The agent trained on our custom reward function is better at staying a safe distance away from cars in front of it. This agent stayed at a safe distance from other cars in roughly 96% of recorded steps, while the agent trained on the default reward function stayed a safe distance from other cars in roughly 91% of recorded steps. 

### Not overtaking vehicles to the left 
The agent trained on our custom reward function performs well at not overtaking vehicles to its left, a maneuver which is illegal in Belgium. The default reward function includes no such penalty, and the agent trained on this function overtakes cars to its left in 13% of steps, compared to 9% of steps with our custom reward function.

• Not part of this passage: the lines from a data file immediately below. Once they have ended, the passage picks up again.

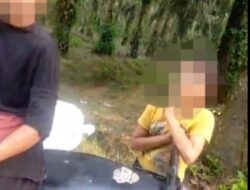 Wao Sadisnya !!!! Diduga PTPN lV Regional lll Kebun Sei Rokan Mempekerjakan Anak Dibawah Umur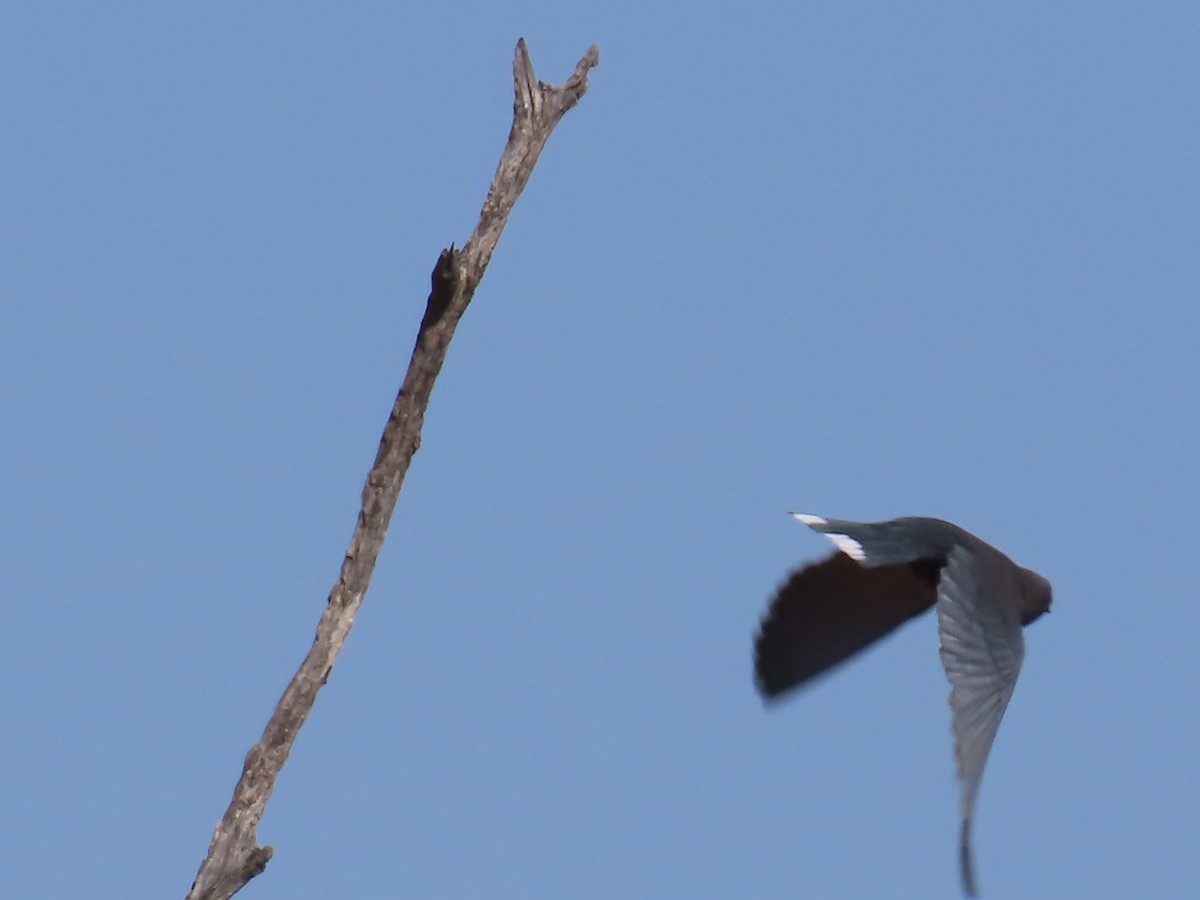 Little Woodswallow - ML643844554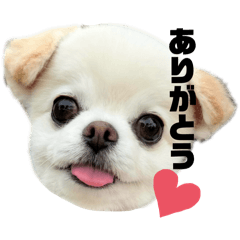 RIKO_20250218183712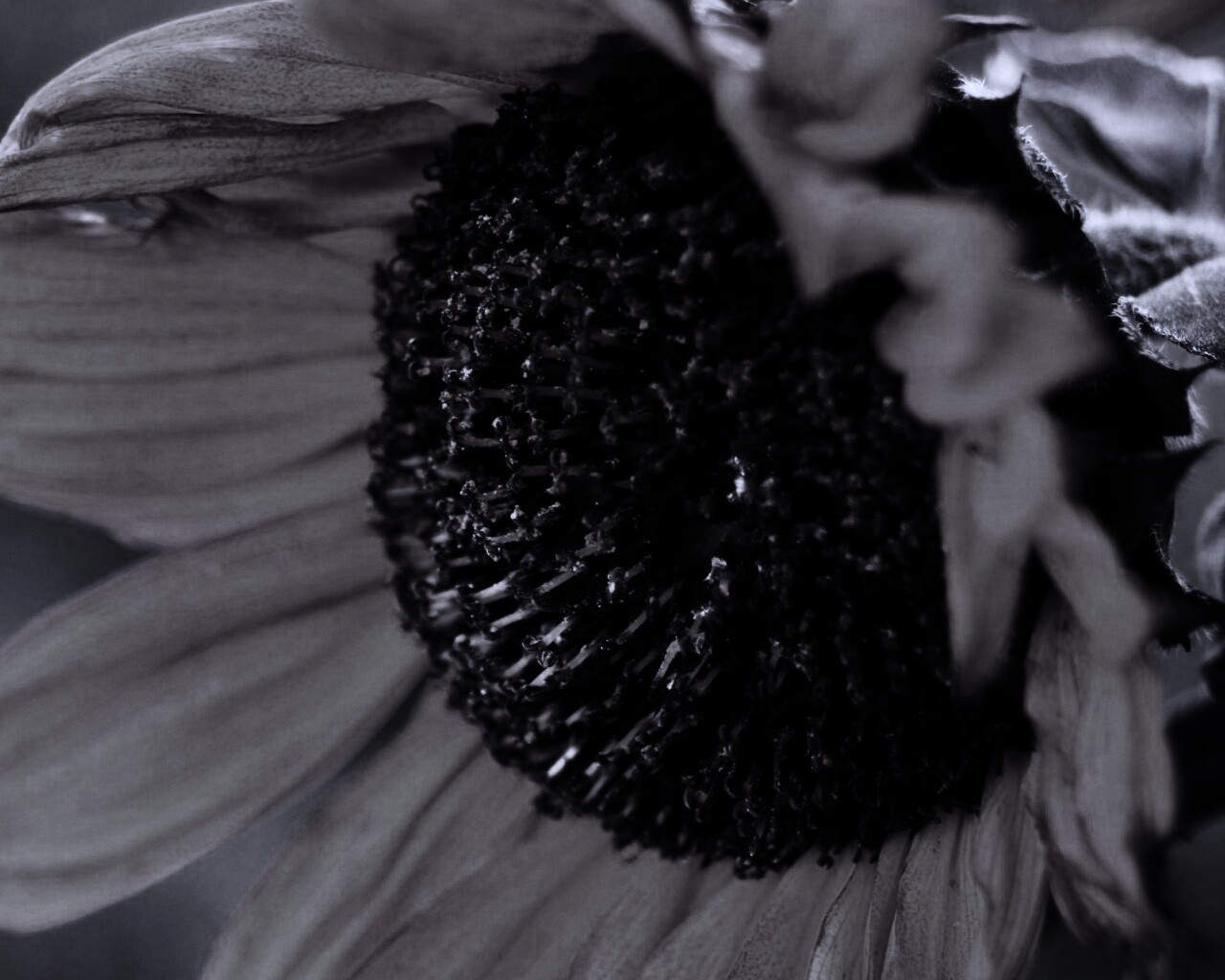 Подсолхну осенью обои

## Driver comfort performance comparison

### Comfortable acceleration
The agent trained on our custom reward function also performs better on our driver comfort metric, the number of abrupt accelerations beyond the comfortable limit (2 meters per second per second). In roughly 24% of recorded steps, the agent trained on the default reward function accelerated at a rate higher than the comfortable limit, while the agent trained on the custom reward function only accelerated past the comfortable limit in 5% of all recorded steps.